__DATASET EXTRACT__:
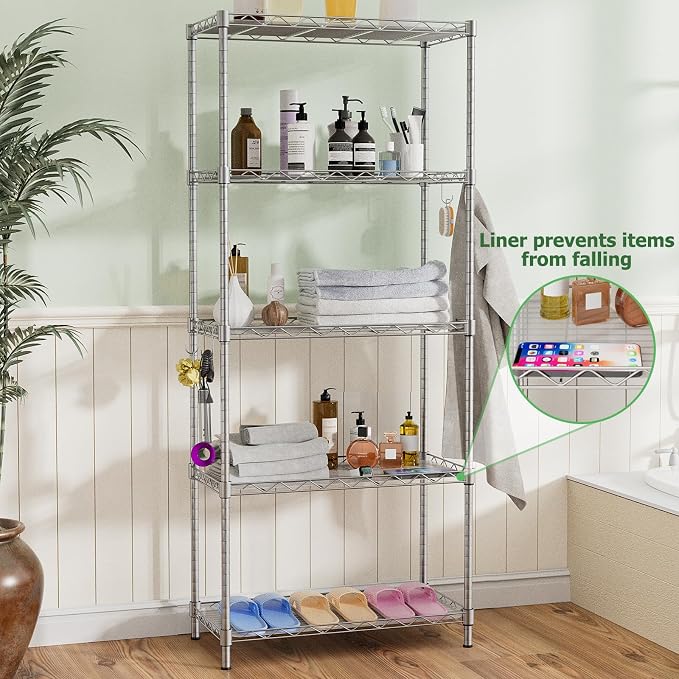 Storage Shelves, 21.3" W x 11.8" D x 58.5" H Wire Shelving Unit Loads 550LBS - Image 6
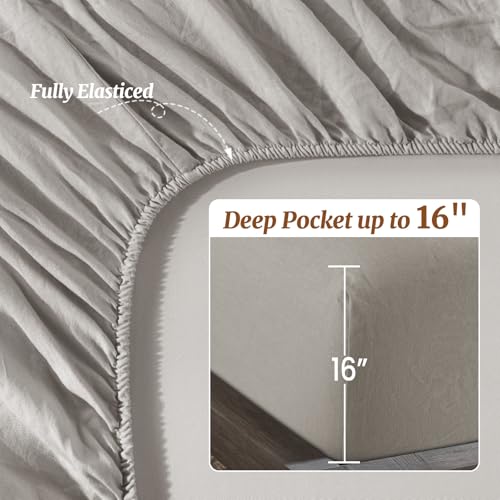 Image of 100% Linen Sheet Set Breathable Natural Linen Sheets 4Pcs Full Size, Bedding Set Deep Pocket Up to 16 inch Soft Sheet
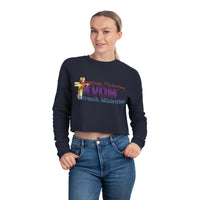 KVOM Logo Women's Cropped Sweatshirt, Black, Moses Temple Colored Logo-KVOM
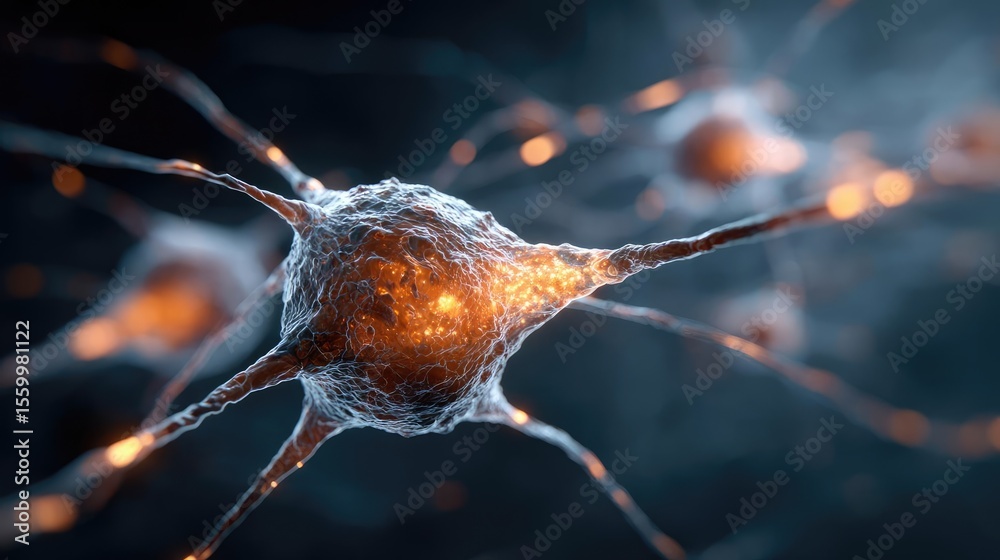 Aufkleber Neuro logic for adaptive neuron and biological concept. An abstract view of neurons and synapses in a digital format.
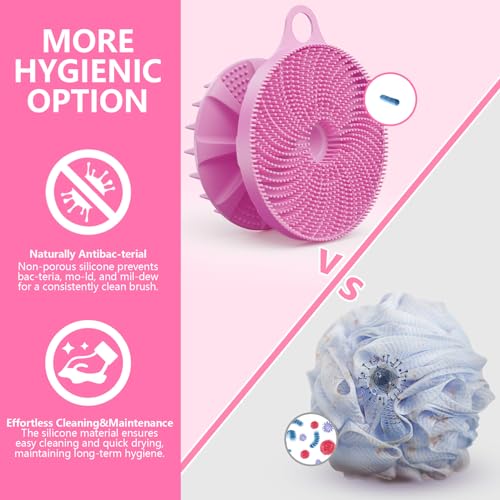 Image of 2 In 1 Silicone Brush, Body Shower Scrubber And Scalp Hair Massager Shampoo Brush, Deeply Cleansing Skin, Dandruff Removal And Hair Growth, Gentle For Women Men Sensitive Skin (Lilac)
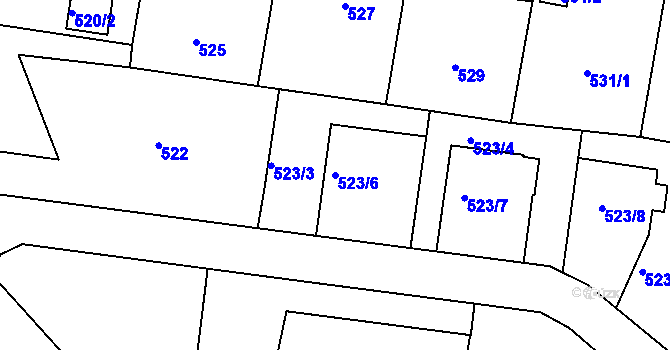 Parcela st. 523/6 v KÚ Dobrá u Frýdku-Místku, Katastrální mapa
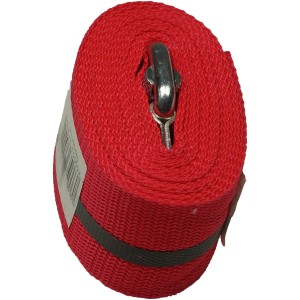 Roter Möbeltragegurt, 50mm x 4m, aufgerollt mit Klemmschelle. Ideal für Umzug und Transport.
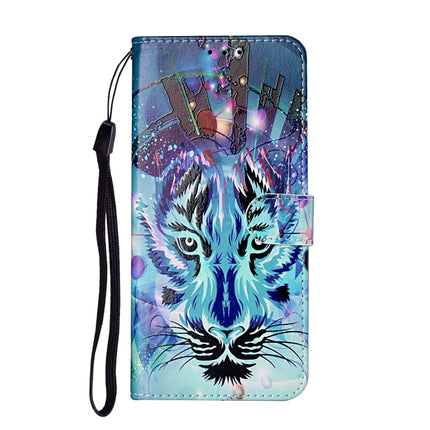 For Samsung Galaxy S21 Ultra 5G Oil Embossed Coloured Drawing Pattern Horizontal Flip PU Leather Case with Holder & Card Slots & Wallet & Lanyard(Tiger)-garmade.com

__WHAT THE TASK ASKS__: Restrict the output to the lines from the one with "Parcela st. 523/6" through the last line of the material above. Print them exactly, leaving out every picture.

__YOUR RESPONSE__:
 Parcela st. 523/6 v KÚ Dobrá u Frýdku-Místku, Katastrální mapa
 Roter Möbeltragegurt, 50mm x 4m, aufgerollt mit Klemmschelle. Ideal für Umzug und Transport.
 For Samsung Galaxy S21 Ultra 5G Oil Embossed Coloured Drawing Pattern Horizontal Flip PU Leather Case with Holder & Card Slots & Wallet & Lanyard(Tiger)-garmade.com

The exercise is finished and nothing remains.